Enjoying new habits as city wakes from COVID-19 slumber

Habits can be hard to break and I’m sure we all felt a bit uncertain last week as office workers started to return after the better part of two years working from home.


As expected, the return to the office - and the CBD in particular - has been a gradual one. The flow of the city has changed, and will continue to change, post-pandemic. Hybrid working is here to stay and this new flexibility is generally a good thing for employers and employees alike.
Over the past two years we’ve formed new habits and rhythms of working. We did away with the daily commute and the morning rush to get ourselves into the office that went with it. We’ve been able to dress down, eat lunch at home and even take a walk around our neighbourhood whenever we felt like it. I know more than a few dogs that began to hide at the sight of the leash!
But we also lost something in the process. Things that we can’t do when we are confined to a screen in our homes. We couldn’t meet colleagues and clients face to face and enjoy all the benefits of this including greater collaboration, learning and career progression.
We were also deprived of the joys of working in the CBD. Deprived of our morning coffee habit, lunch at cafes and restaurants and the after-hours entertainment such as drinks with friends or going to the theatre or the footy. 
After two years we are having to form new habits again. New habits in the way we work, live and play. COVID-19 has been a massive adjustment for all of us, particularly business which has borne the brunt of extended lockdowns and other restrictions.
It’s the same with events. We’ve missed the joy of attending concerts, shows and live sport. We’ve learned to watch the footy, cricket and the races in the comfort of our loungerooms where there’s no travel times or queues to worry about. But again, there’s been something missing. The shared experiences with family and friends and the unforgettable moments that become lifetime memories to savour.
And it stands to reason. Think about the most memorable moments of your life. A career achievement, a great holiday, the birth of a child or a wedding. Now think about how many of them happened on Zoom or Teams?
In the short time since we’ve been able to return to the office there’s already a renewed sense of energy about Melbourne.

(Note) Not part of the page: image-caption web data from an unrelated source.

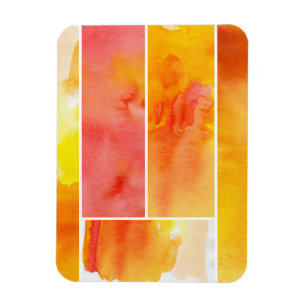 Set of abstract watercolor hand painted magnet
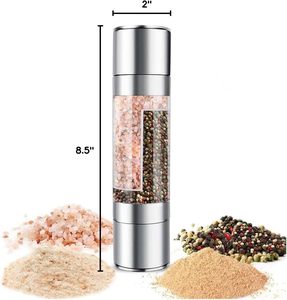 2 in 1 <b>Salt</b> <b>and</b> <b>Pepper</b> <b>Grinder</b> - Stainless Steel Manual Dual-purpose <b>Salt</b> <b>and</b> Spices <b>Grinders</b> With Adjustable Finenes - Product Image 5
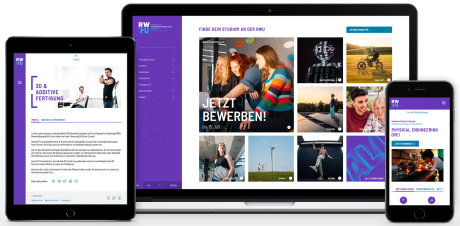 Responsive website mockup for RWU Hochschule Ravensburg Weingarten displayed on a laptop, tablet, and phone. The screens show purple navigation panels, study program pages, and German text.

People are slowly returning, be it in their cars or by train, tram, bus or bike. Queues are once again forming at coffee shops and sushi bars and we are bumping into familiar faces and renewing acquaintances. 
This has given us not only a greater sense of social connection but it is good for business, in particular our world-class retail and hospitality sectors which have suffered so much and now have so much to gain through increased foot traffic. We should never forget that CBD stands for Central Business District and, at its heart, it’s a place to do business. People are the lifeblood of our city and the businesses that inhabit it.
Before COVID-19, Melbourne’s CBD was home to nearly 500,000 jobs, 17,000 businesses and 52,000 international students. It is the business and cultural hub of Victoria and makes up 25 per cent of Victoria’s economy and seven per cent of the national economy. All this relies on people being in the city.
I’m certain none of us are looking forward to the return of the daily commute. It will bring into sharp focus the ongoing works on our major road and rail routes, and the newly constructed bike lanes in the CBD. We need to continue to look at ways to reduce travel time and increase convenience, including opportunities for parking and public transport incentives to help encourage workers back. We must do everything we can to make the city a welcoming place.
We know most office workers won’t necessarily have to be in the office every day as we were pre-COVID-19, but we will enjoy it more when we are. We will make a greater effort to collaborate, meet face to face and be more productive with our time. Hopefully we will be more likely to meet people for lunch, go shopping on our breaks or catch up with friends for dinner after work.
As more people return we will start to feel what the new pace and tempo of our city will become. We will form new habits that will enhance our time working in the office but also working at home. Our home will feel less like our office and the office more like our home. 
Now there’s a habit we could all enjoy.

This piece was published in the Herald Sun on 11 March 2022.